Passed by Congress and signed into law by President Donald Trump on Dec. 2017, the TCJA enacted changes across the board to the federal tax system for both businesses and individuals, primarily for tax years beginning on or after Jan. 1, 2018.
According to ADOR’s 50-page guidance, “the overall impact of the federal changes as it relates to Alabama income taxes is unknown until all provisions are in effect.” In fact the guidance is preliminary and subject to revision as more information becomes available, including additional federal guidance and input from other tax administrative agencies and/or the private sector.
The guidance addresses whether, and how, the provisions of the TCJA are tied to Alabama’s taxing regime, as they relate to individuals (including sole proprietors), corporations, and financial institutions.

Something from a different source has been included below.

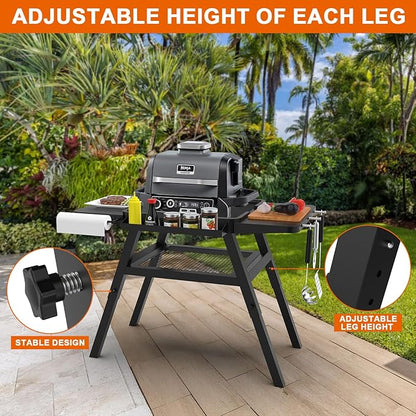 Adjustable Grill Stand for Ninja Outdoor Woodfire Series OG700 OG800 OG900 Series OO101 Woodfire Pizza Oven, Grill Cart for Ninja MO201 Artisan Pizza Oven, Replace for Ninja XSKUNSTAND Outdoor Stand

“Since the Alabama corporate income tax is tied to the definition of federal taxable income ‘as in effect from time to time’, much of the fiscal impact of the TCJA on our corporate income tax revenues is automatic,” Bruce Ely, a tax attorney and partner at Bradley Arant Boult Cummings LLP in Birmingham, Ala., told Bloomberg Tax. “In contrast, our individual income tax scheme selectively conforms to the IRC counterpart and is outdated in many respects, so benefits like the new Section 199A deduction for owners of pass-through entities apparently won’t carry over into Alabama law—at least not without curative legislation.”